As an industry, video games have been around long enough that it's becoming increasingly important to archive its history. Those making history do not make the best archivists, but that's what we have museums like the Rochester, New York-based The Strong around for.

An arcade machine being repaired in the ICHEG lab.
An arcade machine being repaired in the ICHEG lab.

Otherwise known as the National Museum of Play, The Strong is specifically focused on the notion of "play," which involves everything from video games to the origins of a bouncy ball.

The Strong recently acquired an enormous amount of Atari-related materials from its coin-op division. We're talking storyboards, photographs from advertising shoots, interoffice memos, and other primary documents that can better help our understanding of a former industry revolutionary.

Inside of this collection are some really crazy items, from the source code for dozens of games to one-off cabinets for cancelled games like Maze Invaders. Maze Invaders was conceived by Asteroids and Centipede creator Ed Logg, and the game was far enough along that Atari even built machines for playtesting. The game didn't test well, and the game was never given the greenlight for full production. The Strong, however, now has a working version of Maze Invaders.

I recently chatted on the phone with Jeremy Saucier, the assistant director for the International Center for the History of Electronic Games (ICHEG), about what this massive collection means. As always, you can also listen to our conversation via the Interview Dumptruck.

Giant Bomb: Can you explain what exactly you guys have acquired from Atari?

Jeremy Saucier: I’m probably overusing this word now, but it really is a massive collection. I mean that comparatively to other [ones]. We have other company collections here, other corporate records. This is certainly, by far, the largest.
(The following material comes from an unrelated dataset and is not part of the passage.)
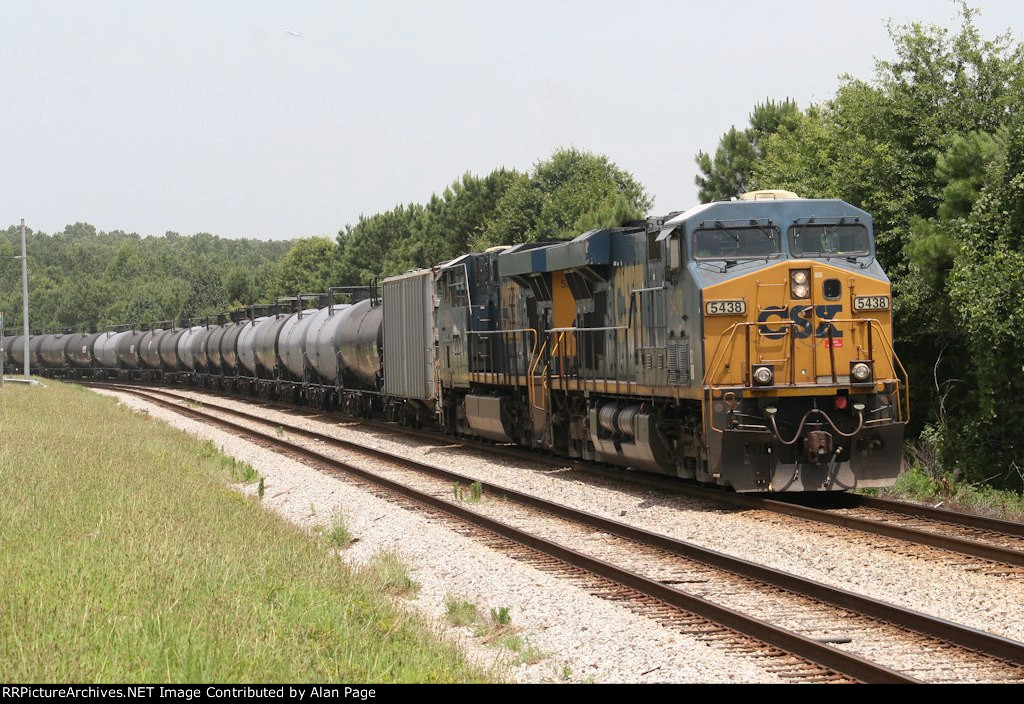 CSX 5438 and 5382 pause with a line of tank cars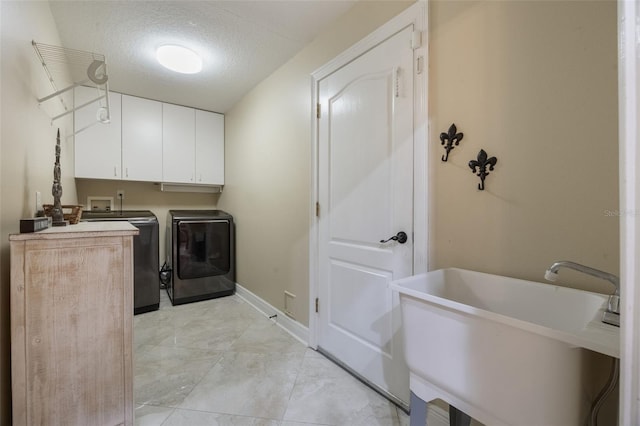 1874 Royal Majesty Ct, Oviedo, FL 32765 - laundry area featuring separate washer and dryer, cabinet space, a textured ceiling, and baseboards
In terms of how we look at it, it’s a massive collection of materials from Atari Games and what ultimately becomes Midway Games West, so from 1972 to 1999. The materials range from things that are associated with the design of the game, so things like hand drawn assemblies schematics for the cabinet for Pong from 1972. Then, there are hand drawn assemblies for a part--like a coin door on another arcade game. It’s really very detailed. Some of it’s big stuff, like an entire cabinet, some of it’s the real small parts of a game.

No Caption Provided

You have design on that end, but, then, you have concept artwork and design artwork and original artwork for the control panels, the marquees--the artwork on the outside of these coin-op cabinets. And, then, design in the sense that you have the documentation where you would see. I've looked through a few of these, and had a look at Video Pinball and Asteroids. In the first few pages, what you’re seeing is hand-drawn or hand-written notes. For Asteroids, you have notes about the vector monitor, you have notes about the control scheme, and how things are going to work and how the sound effects work. In Video Pinball, you see that it’s on notebook paper--what the playfield inside the cabinet is going to look like.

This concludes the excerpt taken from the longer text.